Daphne Koller: ‘Digital biology is an incredible place to be right now’

Working at the intersection of biology and computing may be the most exciting new spot for technologists at the moment.

That’s the word from Daphne Koller, the founder and chief executive officer of Insitro — the biotech company that’s raised over $243 million in the two short years since it launched. Speaking at our virtual TechCrunch Disrupt conference, Koller, a serial entrepreneur who previously co-founded Coursera and briefly served as the chief computing officer for the Alphabet subsidiary focused on human health, Calico, views digital biology as the next big technological revolution.
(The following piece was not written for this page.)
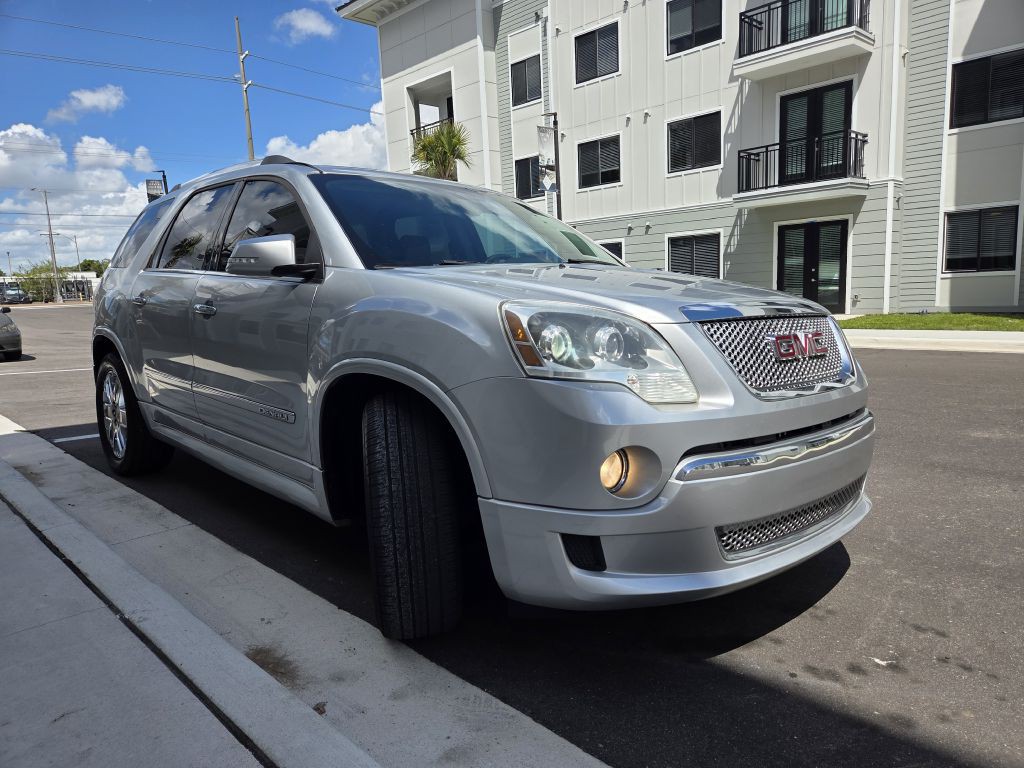 2012 GMC Acadia Image 4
“Digital biology is an incredible place to be right now,” Koller said in an interview. It’s certainly been an incredible opportunity for Koller whose work now spans the development of treatments for potential neurological diseases and a nearer term research and development effort on hepatitis with Gilead Pharmaceuticals. Koller’s Insitro takes its name and inspiration from the combination of two different practices in biological research — the in vitro experiments that are done on living samples in labs and the in silico experiments that are done on the computer. By synthesizing these two disciplines Koller’s company flips the process of drug discovery on its head, the company is designed sift through massive amounts of data to search for patterns in the expression of certain conditions. Once those patterns are determined, the company can examine the pathways or mechanisms associated with that expression to determine targets for potential therapies. Then Insitro will pursue the development of novel molecules that can be used to intervene and either reverse or stop the progression of an illness by stopping the biological mechanisms associated with it.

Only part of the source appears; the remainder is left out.